Kennedy arrived at the convention center here shortly before dusk, accompanied by a flock of family members. He walked few halting steps to a waiting golf cart, which drove him into the Pepsi Center here, where Democrats are gathering this week.
Kennedy walked out with his wife, Vicki, who kissed him and left him at the lectern. The crowd, many of them wiping tears from their eyes, would not stop cheering until he settled them down
“My fellow Democrats, my fellow Americans, it is so wonderful to be here,” Kennedy said. “And nothing is going to keep me away from this special gathering tonight.”
“I have come here tonight,” he continued, “to stand with you to change America to restore its future, to rise to our best ideals and to elect Barack Obama president of the United States.”
Every sentence was greeted by loud applause. And while Kennedy spoke slowly, he was firm and energetic, gesturing with a hand and sounding very much like the man who enraptured the party’s convention 28 years ago.
In a moment that captured the generational arc of the night — and the Kennedy family’s connection to Obama, whom Kennedy endorsed in a turning-point of his campaign — a video tribute to the Massachusetts senator was introduced by Caroline Kennedy, his niece and the daughter of President John F. Kennedy. Her tribute was as much to her uncle as to the man who brought her into national politics.

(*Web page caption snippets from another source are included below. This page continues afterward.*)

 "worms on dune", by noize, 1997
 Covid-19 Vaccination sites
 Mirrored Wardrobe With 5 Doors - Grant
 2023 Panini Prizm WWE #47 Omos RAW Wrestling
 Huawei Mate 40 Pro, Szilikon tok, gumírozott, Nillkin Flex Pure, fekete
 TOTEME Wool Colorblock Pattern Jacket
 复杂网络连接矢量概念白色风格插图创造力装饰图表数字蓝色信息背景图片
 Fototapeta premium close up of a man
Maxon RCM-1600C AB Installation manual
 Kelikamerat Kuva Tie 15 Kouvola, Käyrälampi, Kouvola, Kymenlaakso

“I have never had someone inspire me the way people tell me my father inspired them, but I do now — Barack Obama,” Caroline Kennedy said. “And I know someone else who’s been inspired all over again by Sen. Obama. In our family, he’s known as Uncle Teddy. More than any senator of his generation, or perhaps any generation, Teddy has made life better for people in this country and around the world.”

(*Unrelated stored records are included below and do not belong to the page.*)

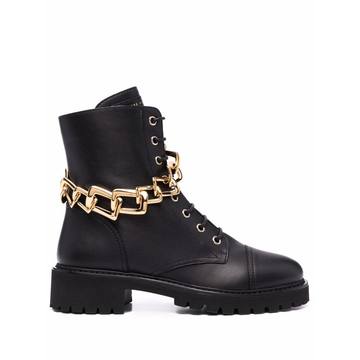 lace-up leather boots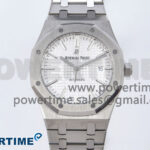 Royal Oak 41mm 15400 SS TKF 1:1 Best Edition White Dial on SS Bracelet SA4302 Super Clone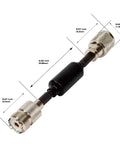 Boost Ham Radio Antenna Performance With An RF RFI Choke Coil In Coax, Prevent Interference And Enjoy Clearer Signals, dimensions included.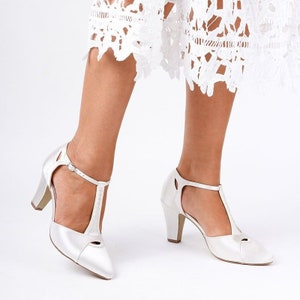 T bar wedding shoes discount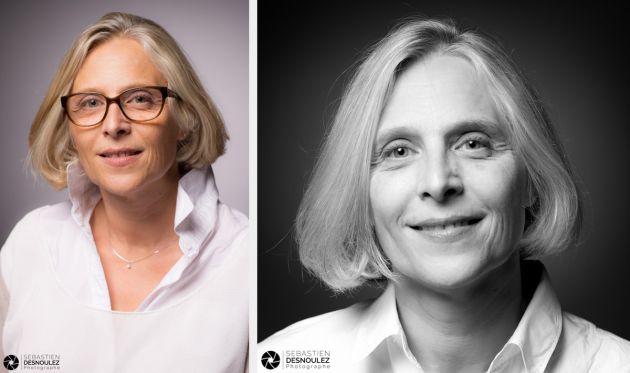 Photographe de portraits en Noir et Blanc à Paris - Véronique Manscourt - Photos : © Sebastien Desnoulez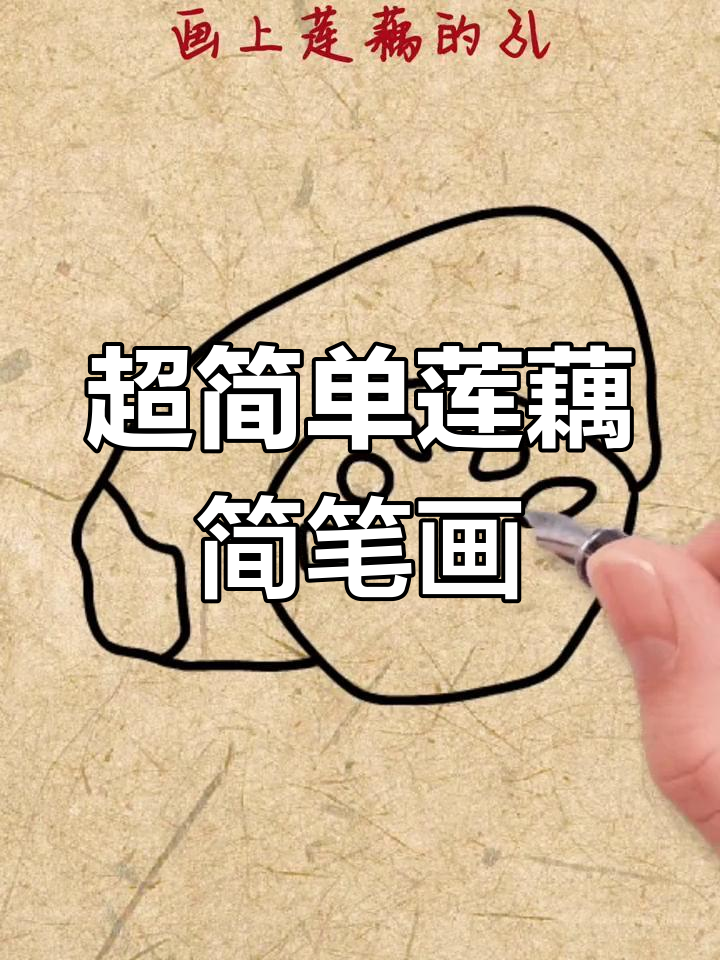 轻松画出可爱莲藕,简单又有趣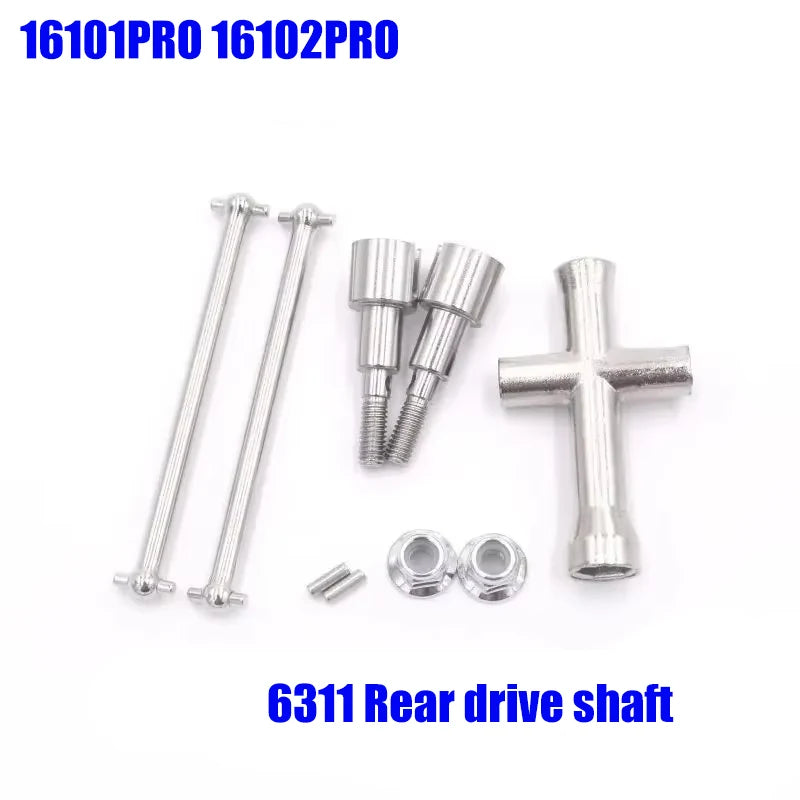 SG116PRO SG116MAX 16101 PRO 16102 PRO SCY RC Automotive 1:16 Brushless Car Blue Upgraded metal spare parts/Original spare parts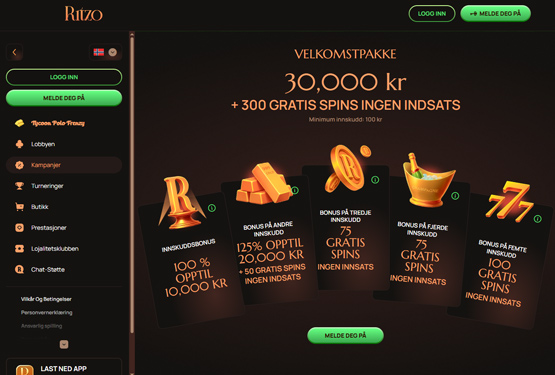 Ritzo Casino bonuser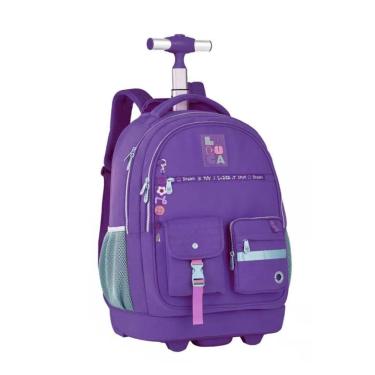 Imagem de Mochila Carrinho Luluca Bolsa Escolar Meninas Design Moderno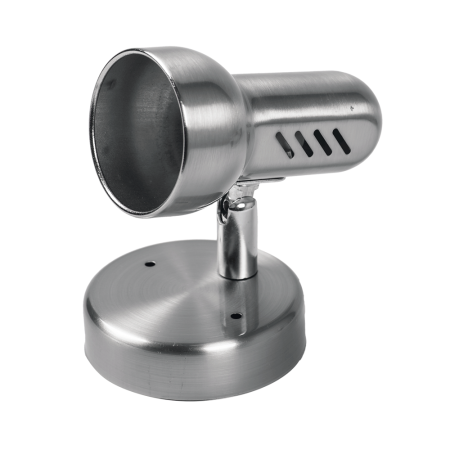 Spoturi LED - Spot bara aplicat din metal crom mat cu o dulie E27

“For 46 years, he has been so much more than just a senator for the people of Massachusetts: He’s been a senator for all who believe in a dream that’s never died,” she said, invoking her uncle’s speech to the 1980 Democratic convention.
The Democrats’ 2008 convention was gaveled to order with a stream of opening speakers — including a heavy representation of women and Hispanics — who began laying the foundation for the tasks that Obama and his advisers hope to accomplish during the four-day event. And throughout the day, aides to Sen. Hillary Rodham Clinton and Obama worked to ease tensions over the Clintons’ roles at the convention in what was amounting to a strained passing of the generational torch.

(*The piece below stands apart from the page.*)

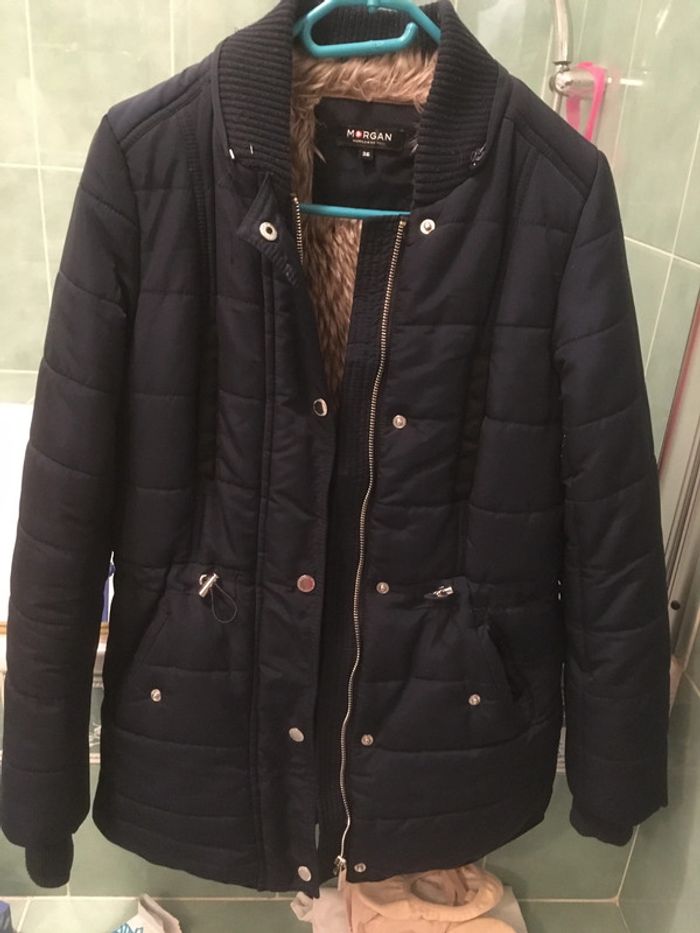 Manteau Mango bleu marine 36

In a speech to the New York delegation earlier in the day, Clinton strongly urged her supporters to vote for Obama at the convention. And Obama, campaigning in Davenport, Iowa, said he had spoken to former President Bill Clinton at length earlier in the week and made clear that he welcomed Bill Clinton’s role at the convention, and that he was welcome to talk about any topic he wished on Wednesday night.